Problem statement:
When you copy the listing, reproduce each line as it appears and omit every image.

Exercise input:

※

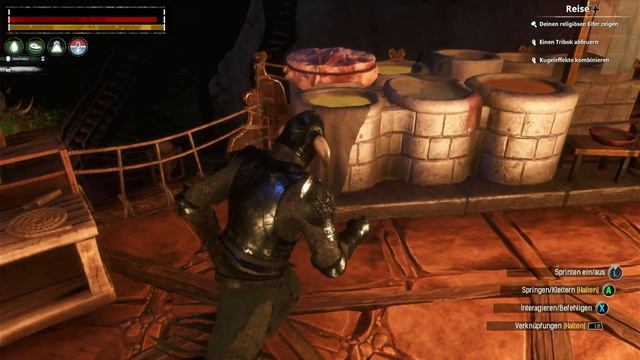 CONAN EXILES 🦂 #82 - Neue Rüstung und ab zum Vulkan! 🦂 - Conan Exiles Let`s Play смотреть онлайн
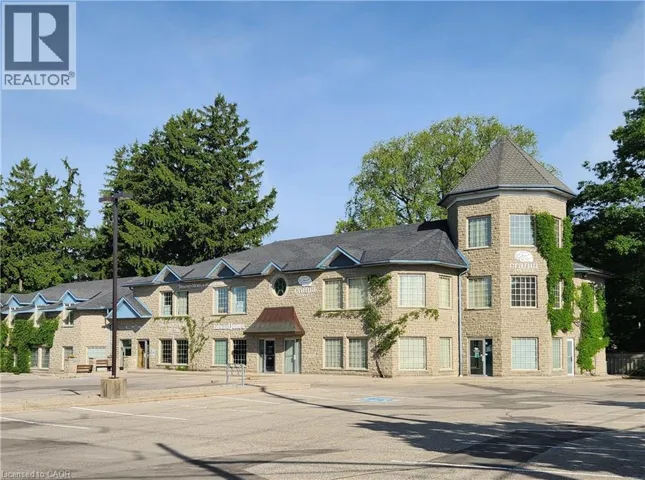 370 UNIVERSITY Avenue E Unit# 105, Waterloo, Ontario N2K3N2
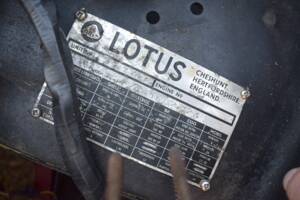 Image 40/50 of Lotus Elan S4 (1968)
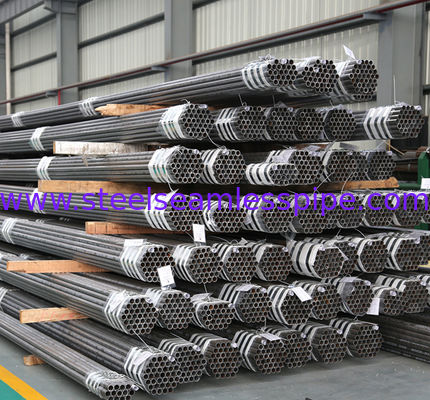 SA213 / A213 Alloy Steel Tabung Mulus T11 T22 T23 T5 T9 T91 Tabung Penukar Panas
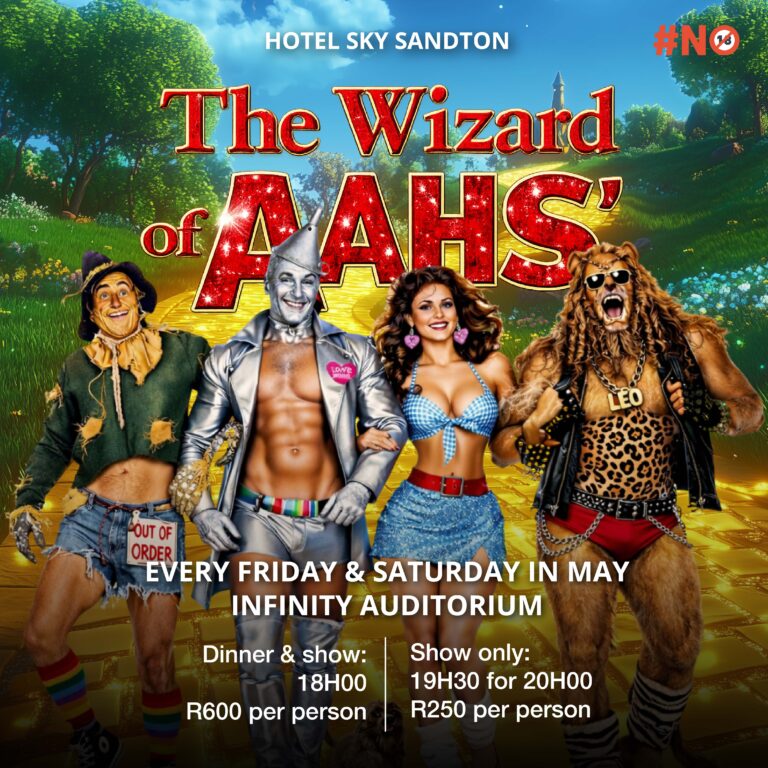 The Wizard Of Aahhs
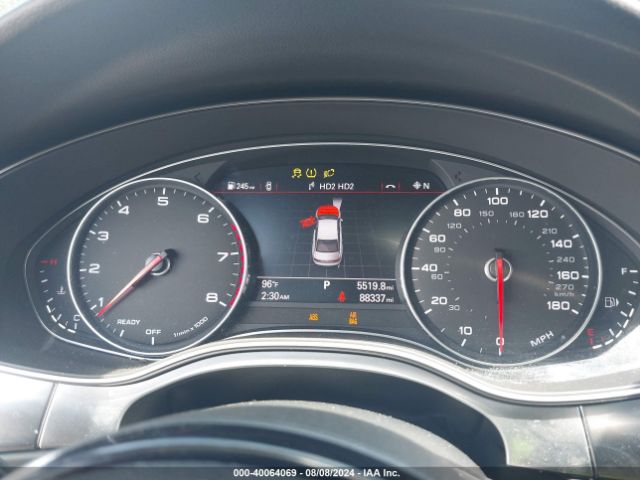 WAUG3AFC3JN001593 Audi A6 3.0t Premium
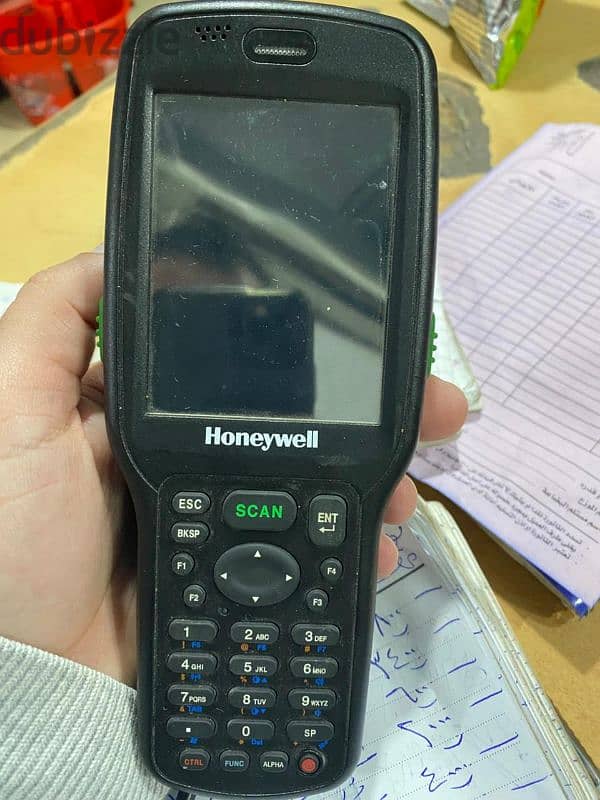 honeywell dolphin 6500 للبيع 1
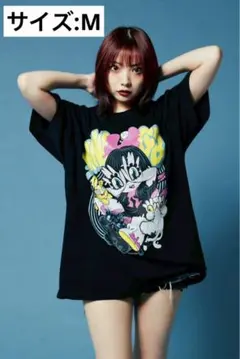 Galfy×AlleyCat Collaboration Tee(Gray) - メルカリ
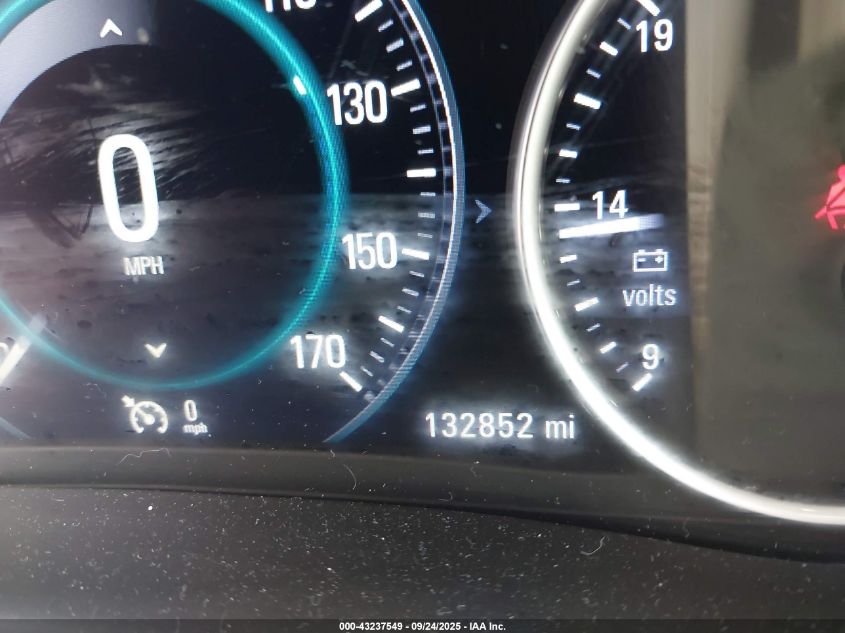 2016 Buick Envision Premium Ii VIN: LRBFXFSX2GD191635 Lot: 43237549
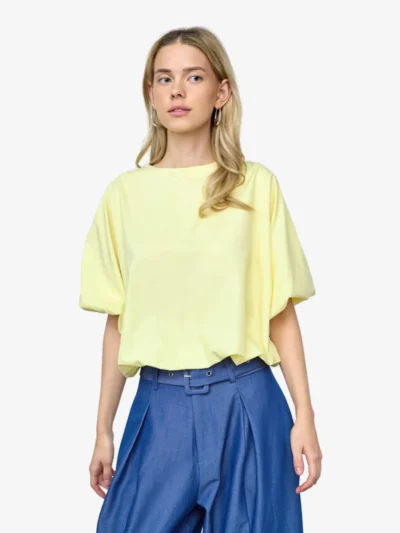 Sisters Point Sisters Point Blouse - L. Yellow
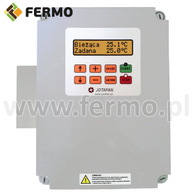 Regulator mikroklimatu VIRGO 6A 4 sekcje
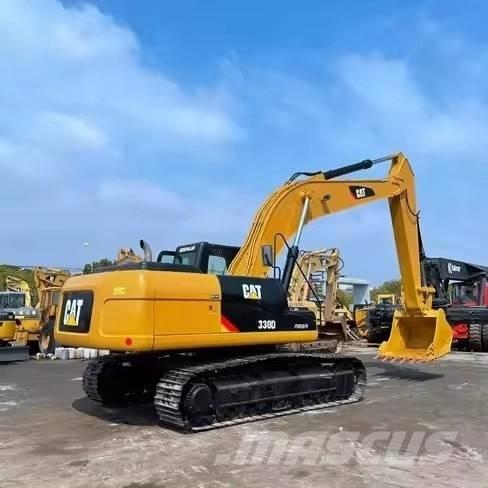 CAT 330 D 大型油圧ショベル12t以上（パワーショベル・ユンボ）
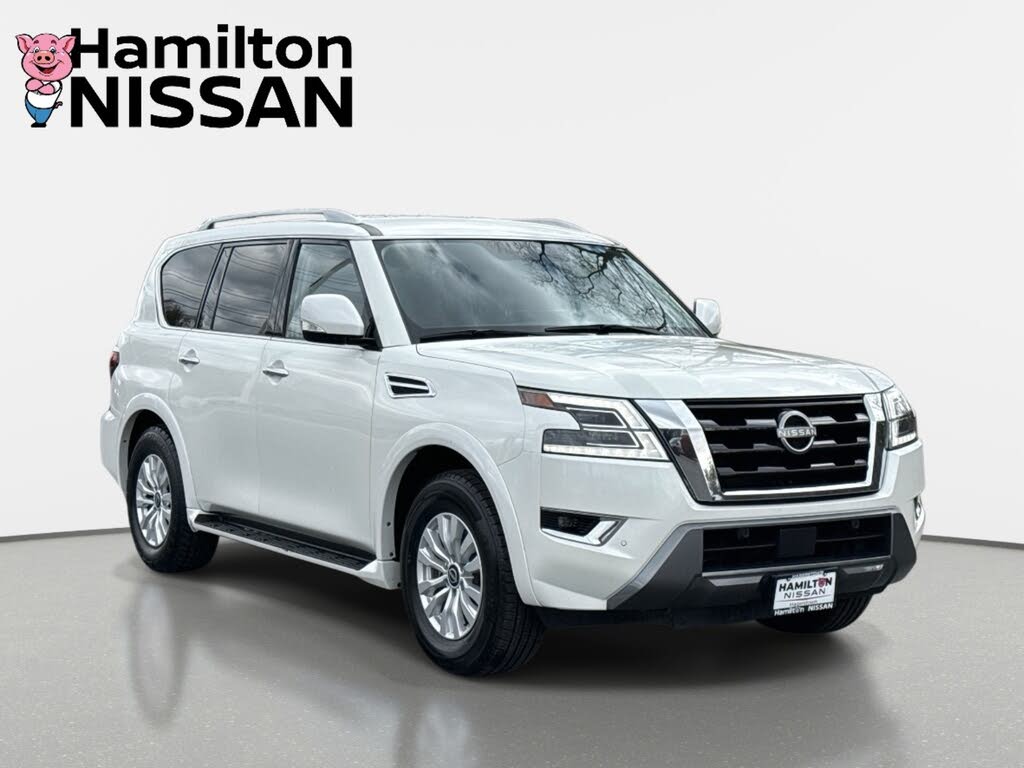 2024 Nissan Armada SV 4WD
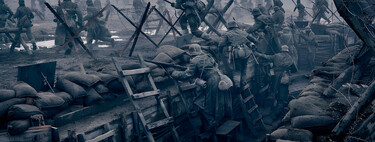 Es, sin más, la mejor película bélica en Netflix. Una brutal joya del cine que retrata el lado más atroz de la guerra 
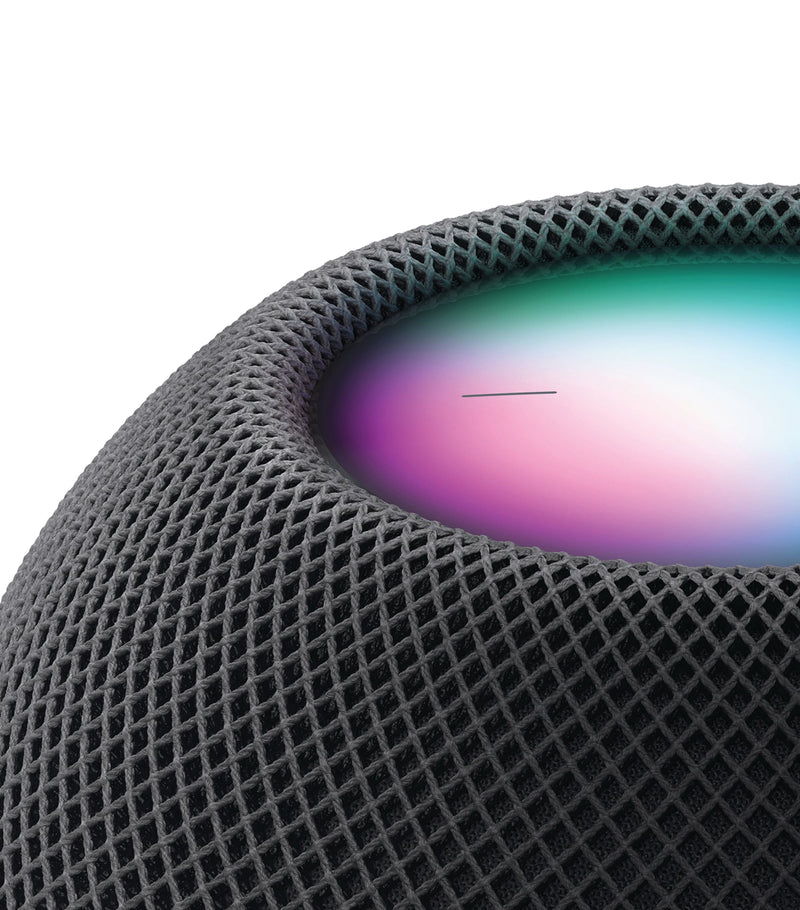 Apple HomePod Mini Yellow smart speaker - British product
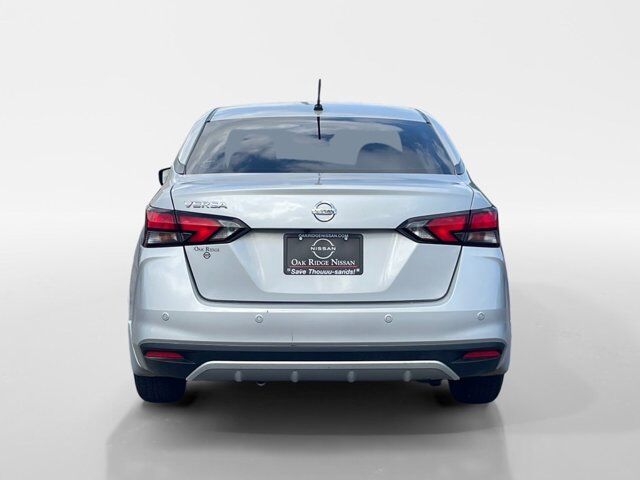 2020 Nissan Versa S Oak Ridge TN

※

Response to the exercise:
 CONAN EXILES 🦂 #82 - Neue Rüstung und ab zum Vulkan! 🦂 - Conan Exiles Let`s Play смотреть онлайн
 370 UNIVERSITY Avenue E Unit# 105, Waterloo, Ontario N2K3N2
 Image 40/50 of Lotus Elan S4 (1968)
 SA213 / A213 Alloy Steel Tabung Mulus T11 T22 T23 T5 T9 T91 Tabung Penukar Panas
 The Wizard Of Aahhs
 WAUG3AFC3JN001593 Audi A6 3.0t Premium
 honeywell dolphin 6500 للبيع 1
 Galfy×AlleyCat Collaboration Tee(Gray) - メルカリ
 2016 Buick Envision Premium Ii VIN: LRBFXFSX2GD191635 Lot: 43237549
 Sisters Point Sisters Point Blouse - L. Yellow
 Regulator mikroklimatu VIRGO 6A 4 sekcje
 CAT 330 D 大型油圧ショベル12t以上（パワーショベル・ユンボ）
 2024 Nissan Armada SV 4WD
 Es, sin más, la mejor película bélica en Netflix. Una brutal joya del cine que retrata el lado más atroz de la guerra 
 Apple HomePod Mini Yellow smart speaker - British product
 2020 Nissan Versa S Oak Ridge TN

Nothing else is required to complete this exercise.